Language is arguably the one phenomenon that remains in support of human exceptionalism. Despite manifold and complex systems of communication in other animals — waggle dances in bees, compositional syntax in birds, distinctive vocally phrased songs in whales — so far as we know, the genus Homo is the only one to exhibit the formalized, abstract mode of communication that we call language.

Until recently, one might have refined that further to state that Homo sapiens is the only species to exhibit the capacity for language. Although the archaeological record of written language goes back only about 5,000 years1, the archaeological record for the symbolic capacity thought to underpin abstract language goes back much further and extends to other species. Recent rock art dating from the Iberian peninsula suggests that Neanderthals might have made abstract art2, while the engraved Trinil shell from Java suggests that the capacity for abstract expression might extend back to Homo erectus3. Anatomically, it has been proposed that the biological adaptations that made H. erectus such an efficient biped (for example, upright posture, large lung capacity) might also have facilitated vocal communication4. Similarly, archaeologists have argued that the manual and mental dexterity necessary for increasingly complex tool manufacture may have evolved hand-in-hand, as it were, in the genus Homo5.

As such, and for the moment at least, language and its anatomical and cognitive underpinnings remain a characteristically hominin feature. Because of this, the way the world’s almost 7,000 extant languages have changed and developed over time is a key part of understanding human ecology and evolution.

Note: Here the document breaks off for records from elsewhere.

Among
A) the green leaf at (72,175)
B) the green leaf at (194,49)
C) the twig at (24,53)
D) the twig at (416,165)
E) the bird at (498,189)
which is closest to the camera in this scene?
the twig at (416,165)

It comes as no surprise, then, that the study of language evolution and origins has sometimes been fraught: in 1866, the newly formed Linguistic Society of Paris famously banned all discussion of language origins as wild speculation6. Since that time, debate has come to focus on whether language develops and changes in a process analogous to biological evolution, and how close this parallel is7. However debated the analogy, there is consensus that many of the computational tools used to study biological evolution can usefully be applied in linguistics as well.

For example, in a paper in this month’s issue, Bouckaert et al. use Bayesian phylogenetic methods to explore the expansion of Pama–Nyungan languages, the world’s largest hunter-gatherer language family, across Australia. They find support for a rapid mid-Holocene expansion of the language family from an origin near the base of the Gulf of Carpentaria, with an average migration speed three to four times slower than that reported for the Indo-European language family across a similar geographical range8, and slower than average along the coast and waterways. These findings contradict previous hypotheses that coupled the movement of genes and languages along such corridors but, when combined with regional archaeological evidence, support the idea of language spread and replacement occurring concurrently with that of technological and cultural innovation.

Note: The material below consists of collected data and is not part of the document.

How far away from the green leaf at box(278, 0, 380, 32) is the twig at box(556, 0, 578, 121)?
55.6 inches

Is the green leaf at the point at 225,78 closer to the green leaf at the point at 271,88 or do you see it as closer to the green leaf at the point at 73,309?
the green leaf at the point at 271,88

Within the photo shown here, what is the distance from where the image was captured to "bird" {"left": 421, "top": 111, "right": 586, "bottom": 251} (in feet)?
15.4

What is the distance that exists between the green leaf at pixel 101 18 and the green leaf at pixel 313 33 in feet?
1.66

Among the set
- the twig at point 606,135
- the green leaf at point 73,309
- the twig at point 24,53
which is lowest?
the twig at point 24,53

Language evolution can also inform models of past population replacement, as Posth et al. show in this issue. The earliest inhabitants of Remote Oceania, associated with Lapita material culture, which is in turn tightly tied to Austronesian-speaking peoples, had East Asian origins9. Combining ancient and contemporary genomic data from the South Pacific, Posth et al. find evidence for rapid, near total population replacement of these original inhabitants by individuals of Papuan ancestry beginning 2,500 years ago. But linguistic evidence adds another strand to their story: in spite of the evidence for population replacement, Austronesian languages continue to be spoken in the region today, with no evidence of a wholesale shift to Papuan languages. Instead, in Vanuatu, there is evidence of sporadic Papuan linguistic and cultural parallels that could be a result of contact, argue Posth et al. This language continuity, they state, suggests that the population replacement must have been an incremental and complex process, involving repeated migrations and intermarriage, rather than a one-off event.

Exploring the exchange and contact between different subsistence groups is currently a hot topic in human population genetics studies. Writing in this issue,Lopez et al. explore the demographic history of central African hunter-gatherers and farmers, finding a surprisingly low impact of hunter-gatherer population decline on their mutational load, as well as gene flow between the two populations. Linguistic exploration could help to uncover the nature of this. For example, contact between southern African hunter-gatherers and Bantu-speaking agriculturalists is invoked as an explanation for the limited incursion of click consonants into southern Bantu languages, such as Xhosa and isiZulu10. As ever, in such cases, it’s important to remember that those groups that are stereotyped as speaking ‘more ancient’ languages, such as Kalahari foragers or Australian Aborigines, have a cultural and linguistic history as long and as complex as any other. Palaeontologists argue that there’s no such thing as a living fossil, and this applies to linguistic evolution just as much as to biological evolution.

Considering the extent of the analogy between linguistic and biological evolution begs the question, is language adaptive? Lidström and Johnson point out in their Comment, also published in this issue, that jargon and unnecessarily technical vocabulary have permeated the language that many of us use on a daily basis, and ecology is no exception to this. Language evolution, like biological evolution, is not teleological, but one goal of scientists must be clear and effective communication. This is something that we prize at Nature Ecology & Evolution, and want to help all researchers achieve.